There are two popular algorithms that generate pseudo-random numbers that are in common use; which one your operating system uses is not relevant. Both algorithms use a seed number to choose the starting location in a series of numbers; this way you can run a program using pseudo-random numbers with the same seed (randomize) number and get identical results each run. The Randomize/Seed does nothing for your particular problem.
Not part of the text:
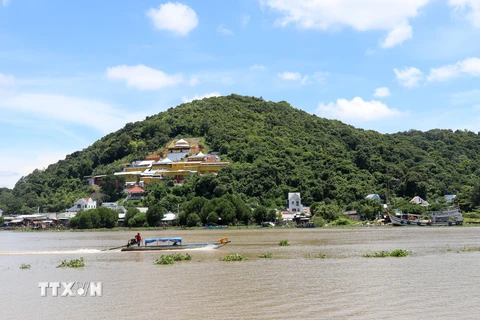 Thắng cảnh núi Tô Châu bên đầm Đông Hồ của thành phố Hà Tiên (Kiên Giang). (Ảnh: Lê Huy Hải/TTXVN)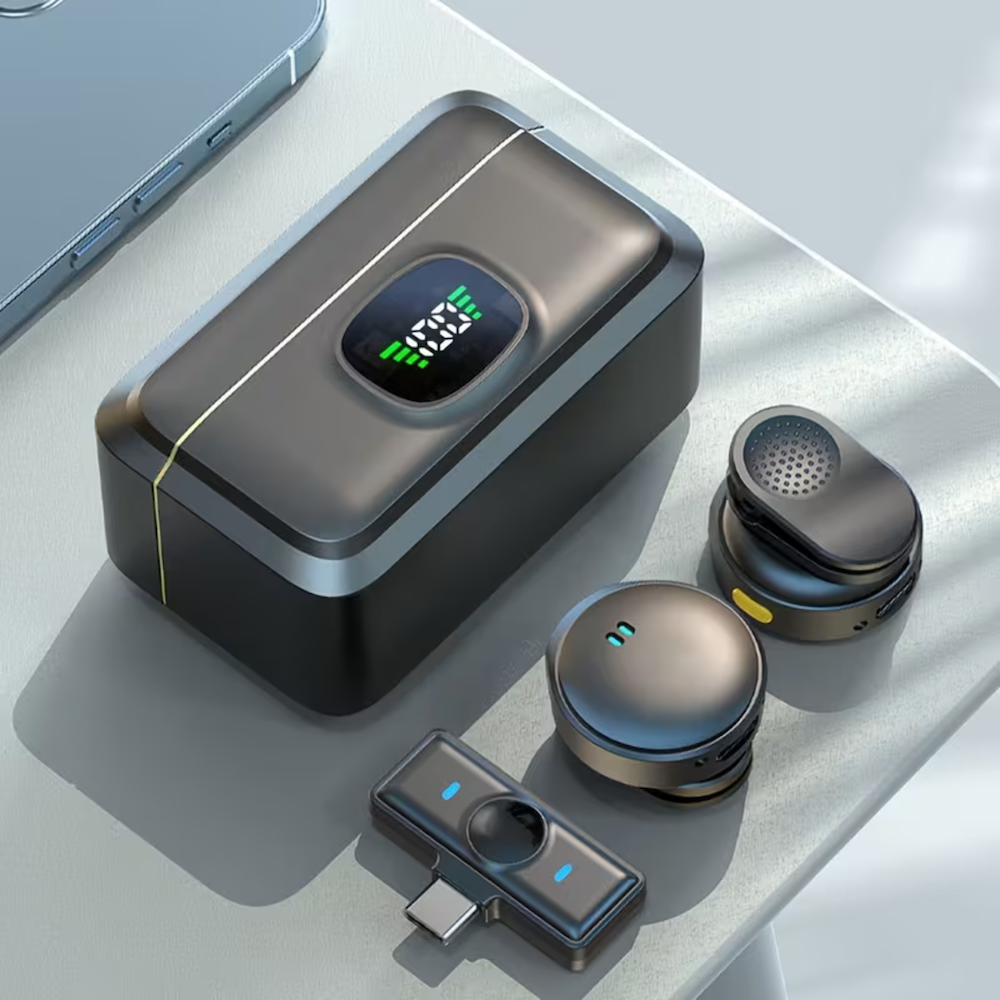 Q8 Wireless Magnetic Microphone with Charging Case – Type-C + iPhone OTG Clip-On Mic for Phone Recording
If you store the previous maximum employee number in a table then you can generate a unique new employee number by adding 1 to the high value and incrementing it afterwards. If you have a requirement that the employee number shouldn't reflect the hiring date then you can either use a (secret to the user) algorithm or, if you really, really wish to stick with random numbers you could populate a file with all possible (and unused) employee numbers and then use RND() in a loop trying to find unused records until successful. I prefer not using RND().

Posted: Tue Jun 28, 2005 7:52 am
by ray.wurlod
"Nonrepeatable sequence" means exactly that; it is the sequence that is not repeatable; not any one number in the sequence. Indeed, there is a small but finite possibility that every number in the sequence will be the same, but this will not be true the next time a sequence is generated unless you deliberately seed the generator.

You can get guaranteed unique values by beginning with the current maximum and incrementing it. If you have SQL Server, you can also generate a thing called a GUID that is a "Guaranteed Unique ID".